→ **Task objective**
Repeat exactly the lines that run from the one containing "Kia Rio 1.2 CVVT Dynamic - 16" to the end of the data, and leave out all others.

[Start of Attachment]

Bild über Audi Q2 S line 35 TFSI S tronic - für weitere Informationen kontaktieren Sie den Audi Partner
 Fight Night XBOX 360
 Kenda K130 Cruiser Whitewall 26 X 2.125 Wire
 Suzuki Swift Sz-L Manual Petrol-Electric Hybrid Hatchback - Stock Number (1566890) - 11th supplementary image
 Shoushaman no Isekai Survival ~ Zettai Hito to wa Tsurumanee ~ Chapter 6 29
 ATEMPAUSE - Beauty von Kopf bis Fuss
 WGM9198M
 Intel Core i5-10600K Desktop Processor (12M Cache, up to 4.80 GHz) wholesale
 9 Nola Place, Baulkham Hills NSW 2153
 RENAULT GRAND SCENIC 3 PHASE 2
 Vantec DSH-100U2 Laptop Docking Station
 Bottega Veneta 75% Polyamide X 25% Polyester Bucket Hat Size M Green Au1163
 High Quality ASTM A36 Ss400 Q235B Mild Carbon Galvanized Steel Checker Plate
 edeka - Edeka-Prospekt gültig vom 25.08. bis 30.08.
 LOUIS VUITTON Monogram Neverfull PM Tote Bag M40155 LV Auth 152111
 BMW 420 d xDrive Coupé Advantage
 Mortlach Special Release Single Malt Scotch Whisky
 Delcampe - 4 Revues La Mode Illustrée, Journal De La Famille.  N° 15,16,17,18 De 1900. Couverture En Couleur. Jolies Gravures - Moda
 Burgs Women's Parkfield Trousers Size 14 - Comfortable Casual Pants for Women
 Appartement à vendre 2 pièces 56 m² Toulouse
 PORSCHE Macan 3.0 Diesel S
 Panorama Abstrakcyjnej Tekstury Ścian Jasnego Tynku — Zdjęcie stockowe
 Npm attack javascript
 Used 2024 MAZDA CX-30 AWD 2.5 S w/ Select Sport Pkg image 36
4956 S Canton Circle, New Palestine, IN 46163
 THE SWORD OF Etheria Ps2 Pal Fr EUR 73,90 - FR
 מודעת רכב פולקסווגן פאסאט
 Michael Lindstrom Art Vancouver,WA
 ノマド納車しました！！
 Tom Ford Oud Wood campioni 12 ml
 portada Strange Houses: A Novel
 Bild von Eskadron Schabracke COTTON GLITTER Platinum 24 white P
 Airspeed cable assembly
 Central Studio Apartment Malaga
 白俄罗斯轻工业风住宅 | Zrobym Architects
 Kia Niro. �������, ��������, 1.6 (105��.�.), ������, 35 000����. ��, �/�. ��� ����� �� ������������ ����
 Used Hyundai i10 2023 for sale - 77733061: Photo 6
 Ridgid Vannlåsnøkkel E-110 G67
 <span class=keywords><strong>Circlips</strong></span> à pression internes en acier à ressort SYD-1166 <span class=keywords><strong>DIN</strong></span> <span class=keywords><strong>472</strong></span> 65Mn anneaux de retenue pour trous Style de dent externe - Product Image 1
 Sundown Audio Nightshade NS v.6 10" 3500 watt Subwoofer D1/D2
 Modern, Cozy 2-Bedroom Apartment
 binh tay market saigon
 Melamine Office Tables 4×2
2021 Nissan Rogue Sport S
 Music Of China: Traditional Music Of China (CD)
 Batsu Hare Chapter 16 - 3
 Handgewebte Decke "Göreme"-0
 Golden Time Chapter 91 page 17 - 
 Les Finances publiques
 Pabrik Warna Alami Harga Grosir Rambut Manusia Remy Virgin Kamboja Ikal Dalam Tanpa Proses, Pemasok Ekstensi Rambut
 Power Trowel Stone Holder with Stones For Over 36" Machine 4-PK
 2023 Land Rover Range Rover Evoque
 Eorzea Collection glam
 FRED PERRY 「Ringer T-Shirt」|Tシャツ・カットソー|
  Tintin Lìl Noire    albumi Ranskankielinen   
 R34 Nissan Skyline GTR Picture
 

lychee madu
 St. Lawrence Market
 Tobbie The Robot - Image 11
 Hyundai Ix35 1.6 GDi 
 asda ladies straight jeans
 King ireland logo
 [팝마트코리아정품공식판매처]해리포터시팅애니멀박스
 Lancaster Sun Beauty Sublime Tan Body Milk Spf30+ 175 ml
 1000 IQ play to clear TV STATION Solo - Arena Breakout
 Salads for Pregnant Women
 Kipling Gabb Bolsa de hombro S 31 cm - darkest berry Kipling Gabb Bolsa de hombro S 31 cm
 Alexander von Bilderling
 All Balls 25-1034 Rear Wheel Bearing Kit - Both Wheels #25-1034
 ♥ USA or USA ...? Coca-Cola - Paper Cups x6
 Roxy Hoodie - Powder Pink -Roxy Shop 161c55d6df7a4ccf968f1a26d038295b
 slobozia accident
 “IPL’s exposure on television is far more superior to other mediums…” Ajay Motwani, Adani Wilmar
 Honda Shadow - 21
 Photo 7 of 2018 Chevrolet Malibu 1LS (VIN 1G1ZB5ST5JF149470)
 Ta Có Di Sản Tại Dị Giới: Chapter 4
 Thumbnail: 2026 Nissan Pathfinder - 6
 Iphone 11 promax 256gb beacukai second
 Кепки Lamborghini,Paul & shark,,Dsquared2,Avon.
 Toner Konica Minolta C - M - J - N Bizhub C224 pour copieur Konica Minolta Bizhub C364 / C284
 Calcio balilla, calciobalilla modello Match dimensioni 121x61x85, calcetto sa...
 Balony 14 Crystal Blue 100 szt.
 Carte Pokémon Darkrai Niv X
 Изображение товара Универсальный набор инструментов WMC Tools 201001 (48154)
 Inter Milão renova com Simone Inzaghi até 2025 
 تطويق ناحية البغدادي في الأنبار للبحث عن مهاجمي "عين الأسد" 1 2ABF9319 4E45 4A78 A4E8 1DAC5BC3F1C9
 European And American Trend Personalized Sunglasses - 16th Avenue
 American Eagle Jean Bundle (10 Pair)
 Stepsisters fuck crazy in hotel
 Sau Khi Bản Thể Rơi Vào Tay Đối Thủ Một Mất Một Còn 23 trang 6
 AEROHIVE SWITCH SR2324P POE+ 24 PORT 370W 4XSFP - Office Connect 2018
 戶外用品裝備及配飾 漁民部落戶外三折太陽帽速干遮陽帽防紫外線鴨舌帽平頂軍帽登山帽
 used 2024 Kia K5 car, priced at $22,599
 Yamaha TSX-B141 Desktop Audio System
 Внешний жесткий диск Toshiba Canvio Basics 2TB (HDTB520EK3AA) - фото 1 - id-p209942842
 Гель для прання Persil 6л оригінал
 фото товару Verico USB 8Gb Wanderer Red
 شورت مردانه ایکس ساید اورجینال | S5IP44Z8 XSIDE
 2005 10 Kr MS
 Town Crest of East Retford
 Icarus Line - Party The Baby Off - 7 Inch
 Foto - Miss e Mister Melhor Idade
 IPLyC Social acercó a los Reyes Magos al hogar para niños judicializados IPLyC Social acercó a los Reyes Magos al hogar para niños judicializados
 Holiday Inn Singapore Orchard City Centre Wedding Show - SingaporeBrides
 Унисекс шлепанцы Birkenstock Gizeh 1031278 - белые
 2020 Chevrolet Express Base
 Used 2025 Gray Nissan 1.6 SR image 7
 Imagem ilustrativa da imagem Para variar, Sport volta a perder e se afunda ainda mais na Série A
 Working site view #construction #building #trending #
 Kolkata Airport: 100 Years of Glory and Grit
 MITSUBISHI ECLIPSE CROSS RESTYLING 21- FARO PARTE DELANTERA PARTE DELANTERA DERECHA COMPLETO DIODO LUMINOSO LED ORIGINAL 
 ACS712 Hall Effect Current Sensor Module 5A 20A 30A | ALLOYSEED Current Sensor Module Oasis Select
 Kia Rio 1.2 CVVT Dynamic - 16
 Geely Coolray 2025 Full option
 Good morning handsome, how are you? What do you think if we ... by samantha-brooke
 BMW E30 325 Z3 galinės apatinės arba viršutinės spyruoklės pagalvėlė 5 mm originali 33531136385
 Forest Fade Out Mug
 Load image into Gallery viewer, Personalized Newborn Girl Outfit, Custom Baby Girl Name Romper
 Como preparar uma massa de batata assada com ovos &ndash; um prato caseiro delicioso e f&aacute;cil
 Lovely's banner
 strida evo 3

[End of Attachment]

→ **Reply to the task**
 Kia Rio 1.2 CVVT Dynamic - 16
 Geely Coolray 2025 Full option
 Good morning handsome, how are you? What do you think if we ... by samantha-brooke
 BMW E30 325 Z3 galinės apatinės arba viršutinės spyruoklės pagalvėlė 5 mm originali 33531136385
 Forest Fade Out Mug
 Load image into Gallery viewer, Personalized Newborn Girl Outfit, Custom Baby Girl Name Romper
 Como preparar uma massa de batata assada com ovos &ndash; um prato caseiro delicioso e f&aacute;cil
 Lovely's banner
 strida evo 3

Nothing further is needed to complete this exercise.